About this task
Begin with the line in which "아톰 메모 홀더 오더랙" appears and end with the final line of the entries. Retype each one exactly and add nothing.

Caption-style text data
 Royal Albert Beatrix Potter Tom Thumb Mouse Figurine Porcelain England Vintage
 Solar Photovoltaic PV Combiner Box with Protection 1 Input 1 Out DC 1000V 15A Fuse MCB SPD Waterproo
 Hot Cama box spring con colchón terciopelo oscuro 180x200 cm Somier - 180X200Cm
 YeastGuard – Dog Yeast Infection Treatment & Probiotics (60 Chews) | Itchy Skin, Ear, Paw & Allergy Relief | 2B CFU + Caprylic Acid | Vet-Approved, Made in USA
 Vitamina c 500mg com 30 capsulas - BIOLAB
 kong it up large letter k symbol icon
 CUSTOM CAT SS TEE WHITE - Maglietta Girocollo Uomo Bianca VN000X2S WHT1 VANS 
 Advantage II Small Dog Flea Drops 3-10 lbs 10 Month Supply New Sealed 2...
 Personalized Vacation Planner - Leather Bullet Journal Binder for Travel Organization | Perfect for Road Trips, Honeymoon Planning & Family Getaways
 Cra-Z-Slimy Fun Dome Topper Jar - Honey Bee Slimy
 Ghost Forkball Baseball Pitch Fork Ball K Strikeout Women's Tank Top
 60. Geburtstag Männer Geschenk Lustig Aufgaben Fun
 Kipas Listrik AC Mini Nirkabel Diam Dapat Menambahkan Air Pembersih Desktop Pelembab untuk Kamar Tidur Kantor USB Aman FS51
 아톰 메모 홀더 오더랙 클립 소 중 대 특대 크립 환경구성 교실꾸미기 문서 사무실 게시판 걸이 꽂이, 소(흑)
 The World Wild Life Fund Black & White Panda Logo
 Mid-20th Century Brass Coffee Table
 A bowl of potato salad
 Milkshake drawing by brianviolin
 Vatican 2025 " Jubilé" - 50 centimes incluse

Result for this exercise
 아톰 메모 홀더 오더랙 클립 소 중 대 특대 크립 환경구성 교실꾸미기 문서 사무실 게시판 걸이 꽂이, 소(흑)
 The World Wild Life Fund Black & White Panda Logo
 Mid-20th Century Brass Coffee Table
 A bowl of potato salad
 Milkshake drawing by brianviolin
 Vatican 2025 " Jubilé" - 50 centimes incluse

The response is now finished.